Hi,
I've never used Photoshop before and had an interesting weekend of trial and error. I'm trying to understand the green, blue and alpha1 channels control over the RGB channel with 32bit RGB BMP.
1. - The Alpha1 channel controls the alpha level like the alpha slider in the gunsight selection app in the hanger. The gray scale image in the alpha 1 channel controls this in a gradient from black to white on a black background. What happens if I widen that image wider than the RGB channel's drawing? Will the RGB background color begin to be revealed with the drawing because I'm not masking that out with black from the alpha 1 channel? For now I'm testing a Gaussian blurred 12 pixel wide yellow ring 200 pixels in diameter.

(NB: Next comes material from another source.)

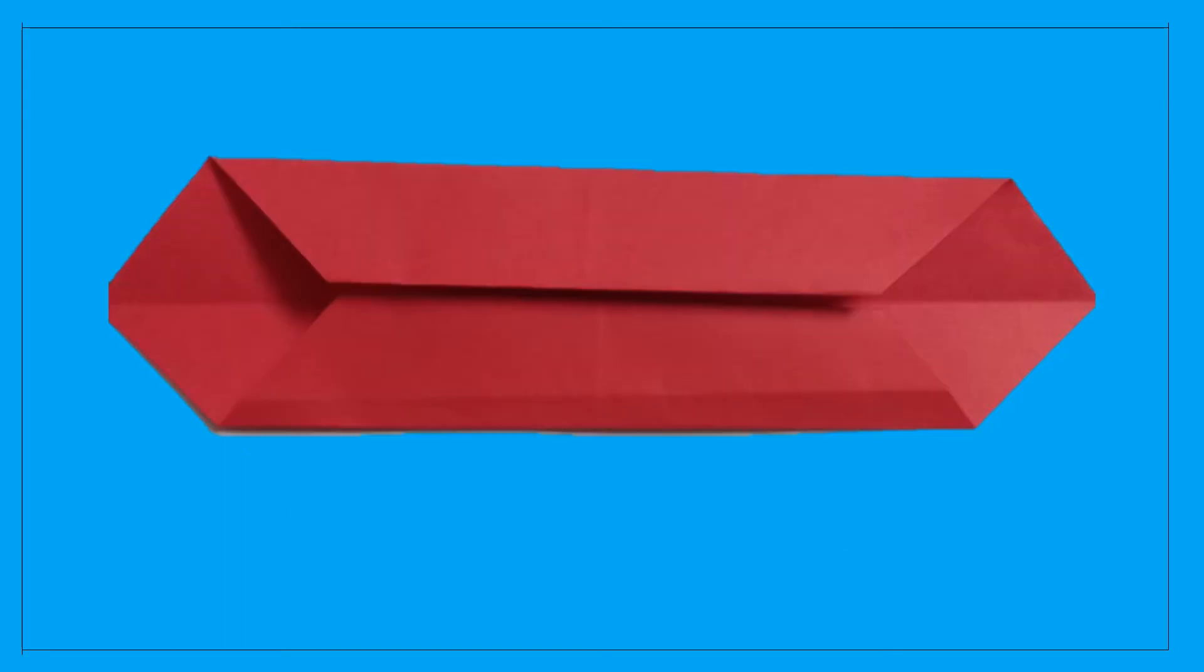Open up the paper and then fold the opposite ends to the center point. Now again fold the opposite ends to the center of the paper.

2. - How do the gray scale channel gradient images in the green and blue channels effect the RGB channel? And what happens if I make those larger than the defined edges of the RGB drawing? And if I don't widen the alpha 1 channel gray scale drawing equal to the G, B channel gray scale drawings.

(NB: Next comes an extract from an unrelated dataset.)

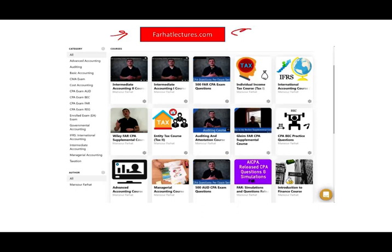On my website farhatlectures.com you will find additional resources to supplement your education. The way I teach the material is totally different than a CPA firm. So if you're looking for in-depth explanation about taxes, audit, finance, accounting, check out my website farhatlectures.com.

3. - In Photoshop is there a tool which will cause the red, green, blue, and apha 1 images to auto align on a common point with the image in the RGB channel before saving the work? It seems Photoshop does not always accurately render the positions of the gray scale images to the same point in the G,B, and alpha 1 channels. Nor does it auto align back to the same position if I copy the image from the RGB channel and paste it to the Blue or Alpha 1 channel. I discovered this by accident using the magic picker tool on the RGB channel image, then flipping through the other images seeing that the selection lines showed the G, B, and Alpha 1 images were off usually down to the right.

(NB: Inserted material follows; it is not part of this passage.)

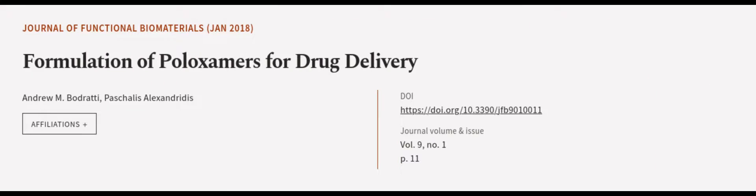This article was authored by Andrew M. Bedrotti and Pascalis Alexandridis. Wearearticle.tv, links in the description below.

4. - Initially I created the image in 24bit RGB BMP in another art program, then opened it in Photoshop to pick the image and paste it into a new Photoshop project. Then save that as a 32bit RGB BMP. Upon reopening it the new alpha 1 channel is all black and sometimes the blue channel. At which point I would copy the RGB image into them to create the gray scale image. Is this a normal function of creating a 32bit image in Photoshop?
It seems on the Internet finding a layman's explanation of how these channels work together is harder than the two days of simply pushing buttons I did to get the finished trial by error product. Even Adobe does a lousy job of explaining their product.